The flash disk needs to erase the original data before writing. Existing NVMe devices do not record which addresses need to be erased before writing, thus resulting in inefficient garbage collection inside the device. In principle, asynchronous garbage collection can improve writing efficiency. If the disk layout is not modified, the granularity of garbage collection will be smaller, but in fact, the effect of this operation on the device and the middle layer is not good. Aiming at the characteristics of flash disks, the Ceph community proposed a new disk layout, SeaStore, which performs garbage collection on higher-level drivers. The basic idea is to divide the device space into multiple free segments, each segment is 100MB to 10GB in size, and all data is sequentially streamed to the segment of the device. When deleting data, it only marks and does not perform garbage collection. When the utilization in a segment drops below a certain utilization threshold, the data in it is moved to another segment.

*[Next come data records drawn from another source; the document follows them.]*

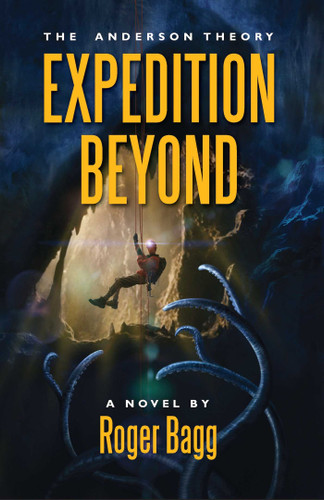 Expedition Beyond book cover by Roger Bagg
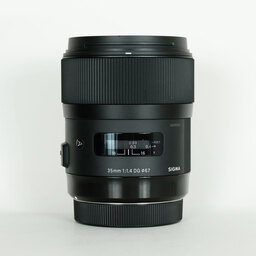 SIGMA 35mm F1.4 DG HSM｜Art [キヤノン用]
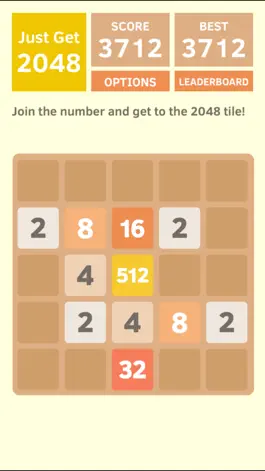 Game screenshot Just Get 2048 - A Simple Puzzle Game ! mod apk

Cleanup work and write work are mixed together to avoid fluctuations in write latency. When the data is all cleaned up, the entire segment is discarded, and the device can erase and reclaim the segment. SeaStore is mainly used in NVMe devices. The SeaStore framework is used to implement the run-to-completion model based on the programming method of the future planning model. When it is used in combination with SPDK and DPDK, it can realize zero ( Min) copy. At present, the storage engine is still under development, and the effect of performance improvement is not yet clear.

The domestic Sangfor company has designed a user-mode local storage engine based on SPDK - PFStore to meet the needs of high-performance distributed storage. It uses the method of appending to the data, writes the metadata modification increment into the log, and refreshes it regularly in the later stage. Then write the data into RocksDB at disk time. In addition, the engine starts multiple instances to separately manage different partitions of the SSD, and starts multiple OSDs to improve performance.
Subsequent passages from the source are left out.